» Dataset section:
+===+

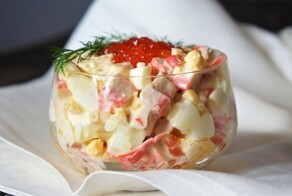 Палочки были просто брусочками с красным верхом – такой вид отдалённо напоминал клешню краба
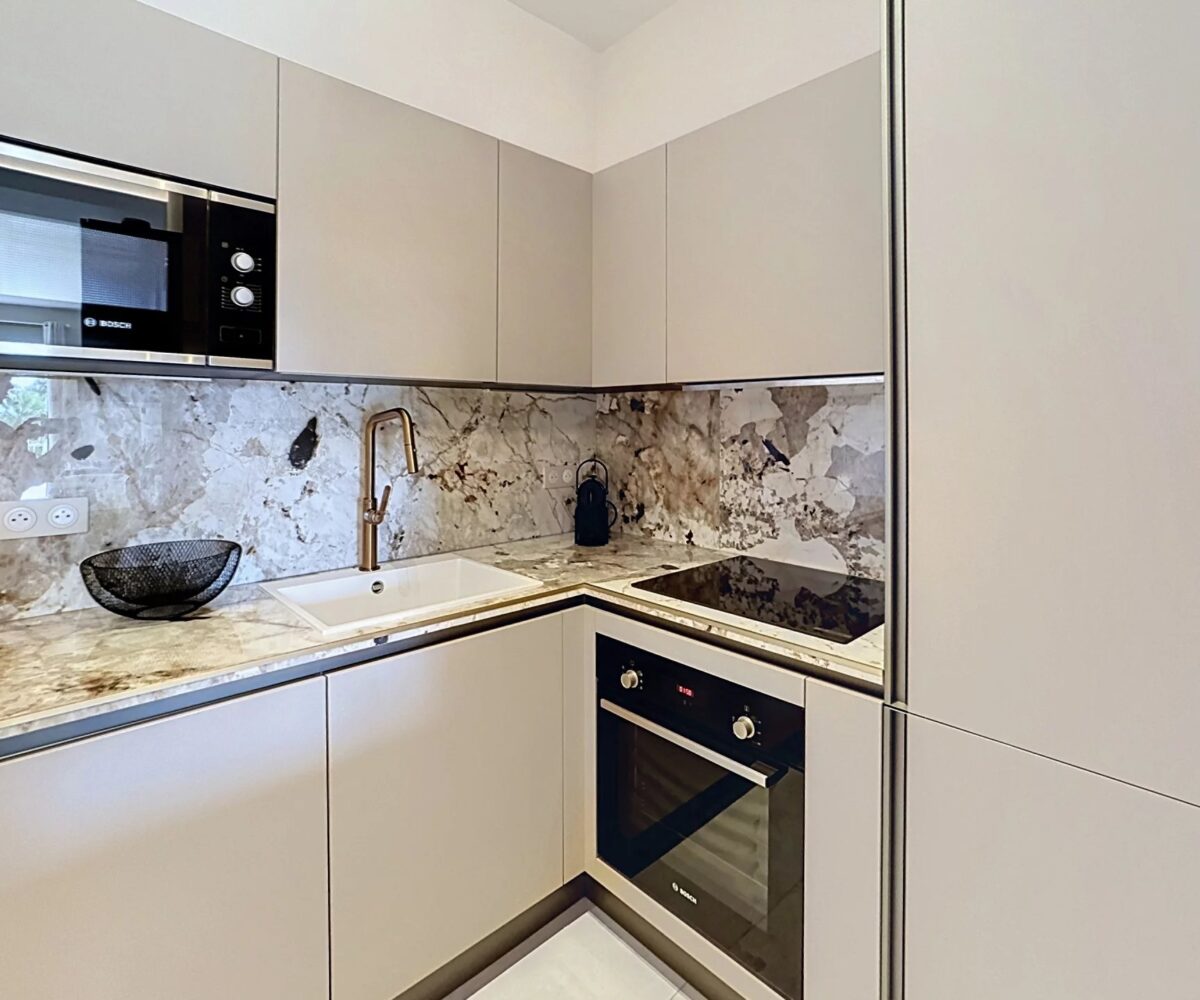 T3 Luxe Croisette Cuisine equipee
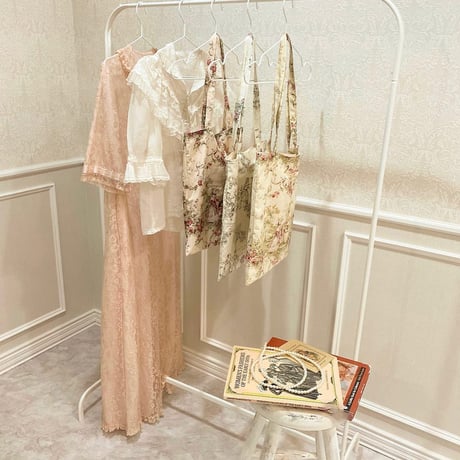 antique tote bag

+===+

Write out the listing above exactly as it stands, pictures excluded.

 Палочки были просто брусочками с красным верхом – такой вид отдалённо напоминал клешню краба
 T3 Luxe Croisette Cuisine equipee
 antique tote bag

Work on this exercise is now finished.